This is no innovation of Rāmakaṇṭha’s: both the earlier exegetes in his Saiddhāntika tradition, and the Saiddhāntika scriptures themselves, locate jñāna at two different places on the scale of tattvas that is partially inherited from Sāṅkhya: within the material world (i.e. that which evolves out of māyā) at the level of buddhi-tattva, where jñana features as one of the eight properties (referred to in Śaiva literature with such terms as bhāva, dharma, guṇa, aṅga) of the buddhi,17 and as the immaterial nature of selves (which are qualitatively, but not numerically, identical to Śiva).

Bearing in mind this distinction between two different kinds of cognition, let us revisit the situation that is illustrated in figure 4.4. That diagram, since it prints the line under Rāmakaṇṭha on the same level as the dotted line under Nyāya and the dotted line under Buddhism, makes the following assumptions: (1) Cognition for Rāmakaṇṭha refers to (more or less) the same thing as cognition for Nyāya. (2) Cognition for Rāmakaṇṭha refers to (more or less) the same thing as cognition for Buddhism.
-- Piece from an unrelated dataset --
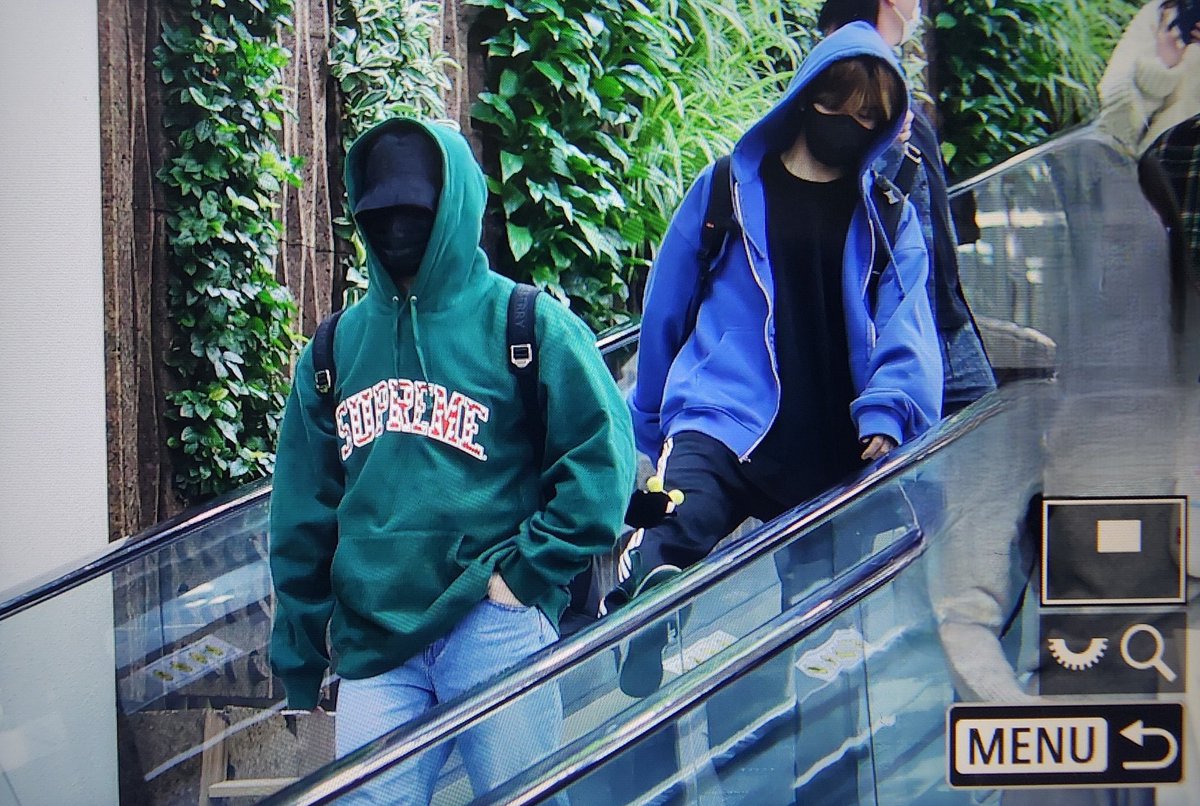 spearhyunnie's tweet photo. seungmin was the one who bought the badtz maru keyring for changbin because it looks like changbin 🥲 https://t.co/gr8gDjdr9N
These were not unreasonable assumptions. They reflect the way that Rāmakaṇṭha himself presents the situation. When arguing against Nyāya, he effectively says: unlike you Naiyāyikas, we accept only cognition, not some extra self over and above that in which it inheres.18 And when arguing against Buddhism he assures us that his self/cognition is just the jñāna that Buddhists talk about, not some container of it, some self-substance to which it belongs.19

But now that we have seen that Rāmakaṇṭha actually recognizes two kinds of cognition, different possible assumptions, and hence different possibilities for the drawing of the diagram, emerge. We could take Buddhist jñāna as corresponding more to Rāmakaṇṭha’s plural cognitions. And if we do, then the fact that Rāmakaṇṭha adds an extra layer above that makes him very much akin to Nyāya—at least on this point of how many things they are postulating.

Similarly, we could take Rāmakaṇṭha’s first kind of cognition as comparable to Nyāya’s self, and the second kind as comparable to Nyāya’s cognitions (jñāna). When we adopt this perspective, the difference between Nyāya and Rāmakaṇṭha regarding the extent of their postulation disappears. We arrive at the situation depicted in figure 4.5.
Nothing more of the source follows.